# Dataset extract:
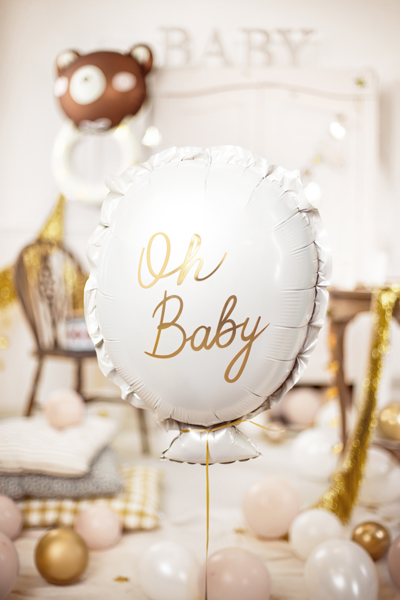 Balon foliowy Oh baby, 53x69 cm, mix - obrazek 2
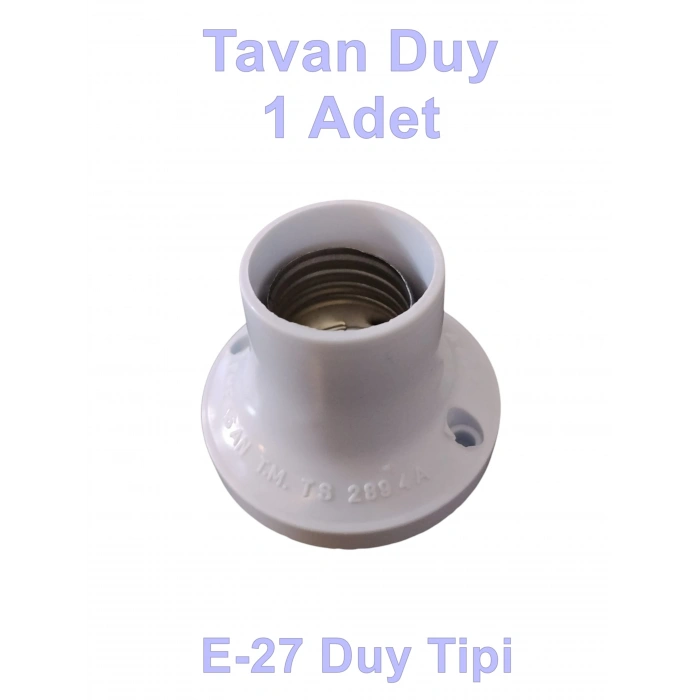 YAMAN Bakalit Tavan Duy E-27
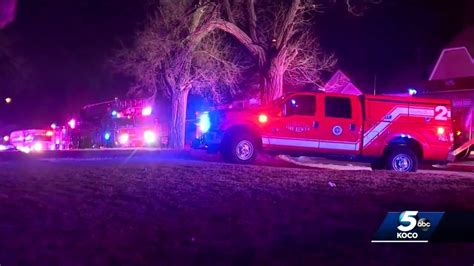 Oklahoma City Fire Investigators Looking Into Cause Of Blaze That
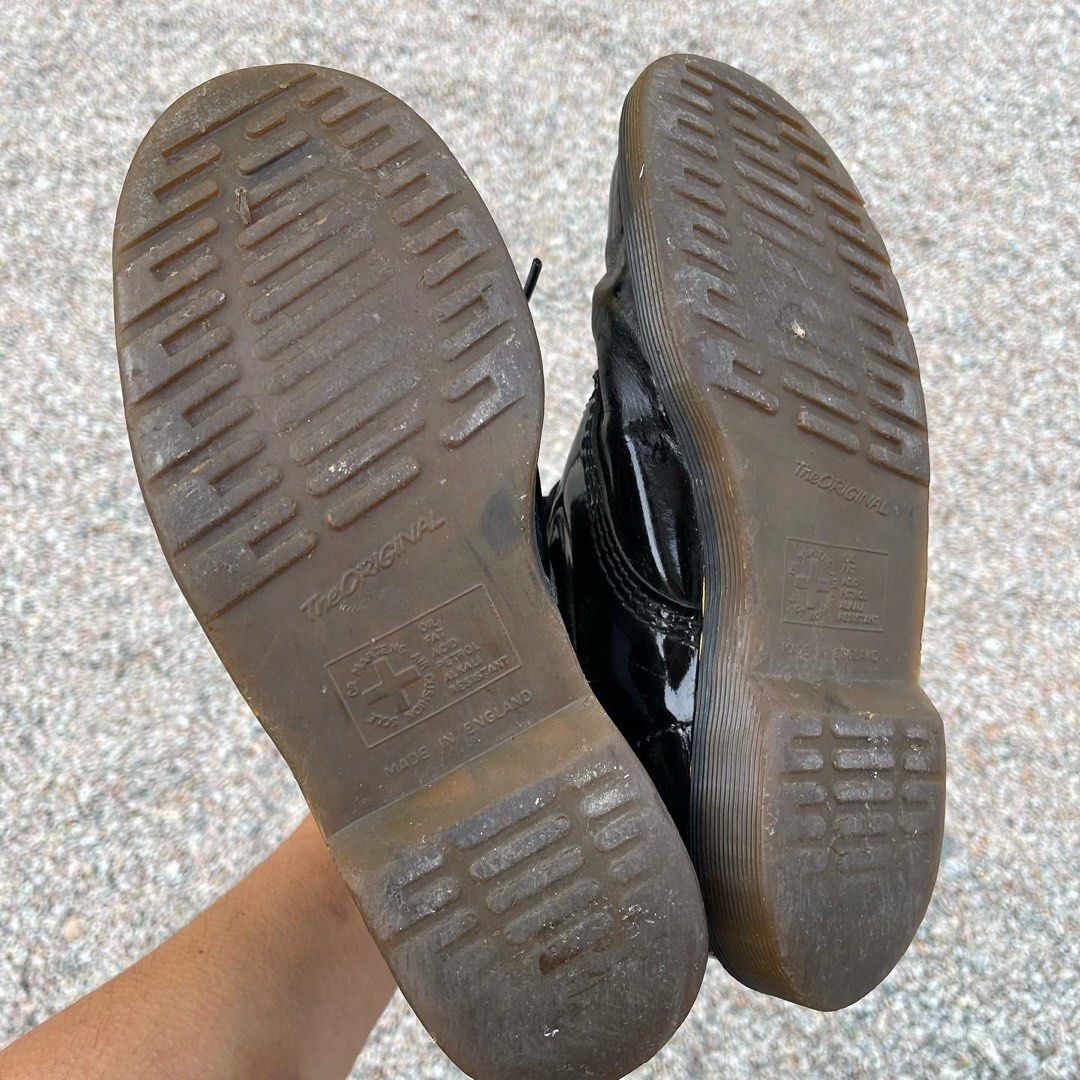 FOR SALE DR MARTENS 1460 HIGH 7UK MADE IN ENGLAND Men s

# Exercise aim:
The lines to repeat run from the line containing "Oklahoma City Fire" through the end of the listing above, both included; give them exactly and without pictures.

# Solution to this task:
 Oklahoma City Fire Investigators Looking Into Cause Of Blaze That
 FOR SALE DR MARTENS 1460 HIGH 7UK MADE IN ENGLAND Men s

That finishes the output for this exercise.